Many business owners want to give their employees the opportunity to work from home. Particularly, with the new trend of having a work-life balance, I have found that there is an increased pressure on business owners to be more flexible in the working conditions they set for their employees. However, it’s equally important for employers to understand that this can come at a very high price, if the right foundations are not set from the very start.
One of the best ways for business owners to protect themselves from liability is to ensure that each individual who is engaged to work from home, signs a Workplace Health and Safety Agreement. This Agreement may form part of the individual’s employment agreement or may be an entirely separate agreement. Either way, it is essential that both the employer and employee are aware of their obligations under what are a very comprehensive set of regulations.
The benefit of having a Workplace Health and Safety Agreement drawn up is that both parties understand their obligations under the law. Procedures may be put in place under the Agreement to ensure that both parties are complying with the relevant procedures and taking appropriate measures to identify and minimize the risk of potential injury. The Agreement can also require that both parties inform each other immediately in the event of a possible breach so that it may be rectified in the most efficient way possible.
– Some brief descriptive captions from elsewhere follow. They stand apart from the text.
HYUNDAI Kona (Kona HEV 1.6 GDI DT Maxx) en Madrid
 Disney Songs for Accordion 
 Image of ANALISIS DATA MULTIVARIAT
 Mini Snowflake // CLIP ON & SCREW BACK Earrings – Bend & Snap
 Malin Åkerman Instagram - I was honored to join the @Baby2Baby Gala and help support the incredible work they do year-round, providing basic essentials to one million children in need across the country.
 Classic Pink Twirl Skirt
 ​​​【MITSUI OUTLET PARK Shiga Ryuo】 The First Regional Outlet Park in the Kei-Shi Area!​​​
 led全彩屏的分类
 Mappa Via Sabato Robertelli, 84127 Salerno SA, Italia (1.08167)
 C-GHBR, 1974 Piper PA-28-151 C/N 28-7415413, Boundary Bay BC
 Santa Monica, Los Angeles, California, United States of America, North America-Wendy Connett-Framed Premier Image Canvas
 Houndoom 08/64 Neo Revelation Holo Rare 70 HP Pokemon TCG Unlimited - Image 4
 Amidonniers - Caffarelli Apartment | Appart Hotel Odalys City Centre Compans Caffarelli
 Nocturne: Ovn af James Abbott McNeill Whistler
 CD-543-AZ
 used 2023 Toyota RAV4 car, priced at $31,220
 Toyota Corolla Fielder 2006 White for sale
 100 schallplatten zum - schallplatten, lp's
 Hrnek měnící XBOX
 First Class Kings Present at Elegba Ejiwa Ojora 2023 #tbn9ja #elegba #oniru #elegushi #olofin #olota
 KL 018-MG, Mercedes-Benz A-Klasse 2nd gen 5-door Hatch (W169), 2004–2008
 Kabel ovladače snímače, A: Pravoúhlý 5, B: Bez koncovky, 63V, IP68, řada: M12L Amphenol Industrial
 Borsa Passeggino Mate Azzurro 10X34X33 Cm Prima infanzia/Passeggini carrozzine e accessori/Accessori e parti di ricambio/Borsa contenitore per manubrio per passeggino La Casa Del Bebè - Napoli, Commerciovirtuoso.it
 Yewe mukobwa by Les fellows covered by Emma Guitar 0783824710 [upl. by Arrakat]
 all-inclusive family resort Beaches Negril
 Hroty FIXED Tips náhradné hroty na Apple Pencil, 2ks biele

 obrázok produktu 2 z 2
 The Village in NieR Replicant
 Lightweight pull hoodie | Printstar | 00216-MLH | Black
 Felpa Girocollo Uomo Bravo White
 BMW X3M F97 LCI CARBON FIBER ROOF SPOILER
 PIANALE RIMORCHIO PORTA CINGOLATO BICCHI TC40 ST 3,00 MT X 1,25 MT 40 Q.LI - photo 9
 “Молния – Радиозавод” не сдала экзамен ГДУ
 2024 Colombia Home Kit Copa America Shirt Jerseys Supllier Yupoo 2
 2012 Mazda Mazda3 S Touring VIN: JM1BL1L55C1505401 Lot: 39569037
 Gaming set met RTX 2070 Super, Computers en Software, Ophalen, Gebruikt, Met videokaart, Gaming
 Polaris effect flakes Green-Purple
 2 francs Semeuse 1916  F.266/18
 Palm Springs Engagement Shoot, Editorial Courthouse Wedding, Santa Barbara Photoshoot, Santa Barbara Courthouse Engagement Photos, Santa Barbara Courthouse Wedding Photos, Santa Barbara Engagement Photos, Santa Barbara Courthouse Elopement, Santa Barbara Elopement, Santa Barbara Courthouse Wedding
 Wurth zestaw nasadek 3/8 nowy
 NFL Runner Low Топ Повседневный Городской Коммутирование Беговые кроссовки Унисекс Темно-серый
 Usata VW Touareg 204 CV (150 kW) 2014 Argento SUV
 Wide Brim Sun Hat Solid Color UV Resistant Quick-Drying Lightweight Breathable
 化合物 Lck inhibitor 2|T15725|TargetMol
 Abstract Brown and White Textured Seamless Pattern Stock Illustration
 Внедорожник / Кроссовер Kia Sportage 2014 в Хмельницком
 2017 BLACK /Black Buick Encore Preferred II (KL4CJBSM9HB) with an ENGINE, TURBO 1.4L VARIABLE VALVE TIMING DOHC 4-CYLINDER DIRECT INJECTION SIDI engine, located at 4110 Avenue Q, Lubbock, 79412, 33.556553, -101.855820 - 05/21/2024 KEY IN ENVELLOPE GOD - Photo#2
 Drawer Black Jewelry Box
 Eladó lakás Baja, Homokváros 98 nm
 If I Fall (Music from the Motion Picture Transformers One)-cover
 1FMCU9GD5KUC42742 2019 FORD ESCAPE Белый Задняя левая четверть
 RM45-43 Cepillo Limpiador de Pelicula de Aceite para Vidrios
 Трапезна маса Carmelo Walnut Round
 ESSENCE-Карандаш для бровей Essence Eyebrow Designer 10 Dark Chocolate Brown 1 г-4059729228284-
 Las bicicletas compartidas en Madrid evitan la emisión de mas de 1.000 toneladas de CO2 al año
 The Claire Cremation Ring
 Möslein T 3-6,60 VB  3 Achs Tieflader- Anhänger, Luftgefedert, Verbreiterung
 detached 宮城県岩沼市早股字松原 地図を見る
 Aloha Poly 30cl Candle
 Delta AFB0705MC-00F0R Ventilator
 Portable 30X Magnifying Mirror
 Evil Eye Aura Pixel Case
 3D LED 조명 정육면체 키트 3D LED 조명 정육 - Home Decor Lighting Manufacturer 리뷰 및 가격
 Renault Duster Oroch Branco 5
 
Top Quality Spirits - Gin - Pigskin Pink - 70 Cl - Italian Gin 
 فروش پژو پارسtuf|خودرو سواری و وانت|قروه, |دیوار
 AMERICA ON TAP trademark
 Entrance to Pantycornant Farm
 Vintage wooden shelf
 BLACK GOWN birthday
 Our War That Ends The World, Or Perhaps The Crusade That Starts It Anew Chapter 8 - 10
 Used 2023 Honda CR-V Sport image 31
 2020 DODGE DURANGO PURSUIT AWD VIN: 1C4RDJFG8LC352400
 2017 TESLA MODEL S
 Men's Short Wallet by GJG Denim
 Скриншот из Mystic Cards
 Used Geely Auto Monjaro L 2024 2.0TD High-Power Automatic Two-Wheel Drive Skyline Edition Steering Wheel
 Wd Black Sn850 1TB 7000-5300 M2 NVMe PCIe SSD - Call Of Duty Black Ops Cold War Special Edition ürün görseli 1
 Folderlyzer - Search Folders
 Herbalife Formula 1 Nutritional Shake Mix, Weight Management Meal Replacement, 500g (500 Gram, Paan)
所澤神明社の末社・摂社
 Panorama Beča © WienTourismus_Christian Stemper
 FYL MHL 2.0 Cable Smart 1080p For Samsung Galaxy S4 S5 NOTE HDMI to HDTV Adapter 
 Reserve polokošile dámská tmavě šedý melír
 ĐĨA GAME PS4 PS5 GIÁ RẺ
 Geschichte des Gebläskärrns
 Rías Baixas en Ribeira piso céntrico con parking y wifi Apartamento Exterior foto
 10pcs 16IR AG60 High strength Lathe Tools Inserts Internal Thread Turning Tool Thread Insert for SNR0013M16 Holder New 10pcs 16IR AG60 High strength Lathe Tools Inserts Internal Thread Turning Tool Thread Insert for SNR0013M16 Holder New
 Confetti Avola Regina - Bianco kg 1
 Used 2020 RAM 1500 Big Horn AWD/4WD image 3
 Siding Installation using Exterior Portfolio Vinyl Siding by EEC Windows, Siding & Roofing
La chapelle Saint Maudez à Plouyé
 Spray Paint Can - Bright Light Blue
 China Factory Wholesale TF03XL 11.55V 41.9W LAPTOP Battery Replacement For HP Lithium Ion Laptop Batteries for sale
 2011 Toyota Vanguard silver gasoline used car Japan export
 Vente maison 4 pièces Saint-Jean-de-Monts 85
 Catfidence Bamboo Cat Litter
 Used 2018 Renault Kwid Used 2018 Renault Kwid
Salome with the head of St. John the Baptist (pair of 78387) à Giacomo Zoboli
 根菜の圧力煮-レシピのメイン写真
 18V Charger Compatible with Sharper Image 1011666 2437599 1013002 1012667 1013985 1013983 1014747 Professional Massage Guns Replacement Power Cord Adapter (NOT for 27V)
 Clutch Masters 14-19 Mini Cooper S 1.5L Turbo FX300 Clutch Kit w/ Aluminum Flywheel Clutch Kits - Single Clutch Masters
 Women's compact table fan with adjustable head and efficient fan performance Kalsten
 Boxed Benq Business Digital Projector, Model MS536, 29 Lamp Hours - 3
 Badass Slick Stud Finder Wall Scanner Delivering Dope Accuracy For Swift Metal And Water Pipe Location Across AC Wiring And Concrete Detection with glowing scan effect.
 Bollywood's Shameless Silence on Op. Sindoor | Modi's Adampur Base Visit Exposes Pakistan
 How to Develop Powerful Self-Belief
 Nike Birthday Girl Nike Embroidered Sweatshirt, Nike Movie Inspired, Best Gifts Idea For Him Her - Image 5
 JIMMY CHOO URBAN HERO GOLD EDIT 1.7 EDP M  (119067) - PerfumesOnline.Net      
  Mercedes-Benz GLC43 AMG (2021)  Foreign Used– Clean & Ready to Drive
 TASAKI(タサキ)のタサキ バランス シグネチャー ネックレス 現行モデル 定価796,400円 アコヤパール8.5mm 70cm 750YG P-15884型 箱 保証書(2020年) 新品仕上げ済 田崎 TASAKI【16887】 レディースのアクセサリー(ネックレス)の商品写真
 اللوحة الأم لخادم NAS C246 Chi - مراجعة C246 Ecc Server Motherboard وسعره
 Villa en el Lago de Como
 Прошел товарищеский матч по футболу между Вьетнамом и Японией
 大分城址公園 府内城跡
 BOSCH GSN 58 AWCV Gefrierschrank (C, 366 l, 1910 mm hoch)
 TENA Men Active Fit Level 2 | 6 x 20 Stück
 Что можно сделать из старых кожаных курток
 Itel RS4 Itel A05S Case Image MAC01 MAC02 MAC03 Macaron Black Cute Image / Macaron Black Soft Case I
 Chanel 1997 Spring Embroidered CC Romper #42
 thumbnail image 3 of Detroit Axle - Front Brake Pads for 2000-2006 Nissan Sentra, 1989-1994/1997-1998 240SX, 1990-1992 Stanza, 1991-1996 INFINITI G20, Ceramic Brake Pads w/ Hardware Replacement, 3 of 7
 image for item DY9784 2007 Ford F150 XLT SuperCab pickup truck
Business owners should note that the clauses necessary in a Workplace Health and Safety Agreement differ based on the nature of the relationship between the parties entering into the agreement. For example, if the Agreement is between a principal and contractor, the burden of liability will be far more heavily placed on the contractor than the principal. This is distinct from an Agreement between an employer and employee as the relationship between those two parties at law is very different compared to that of a principal and contractor.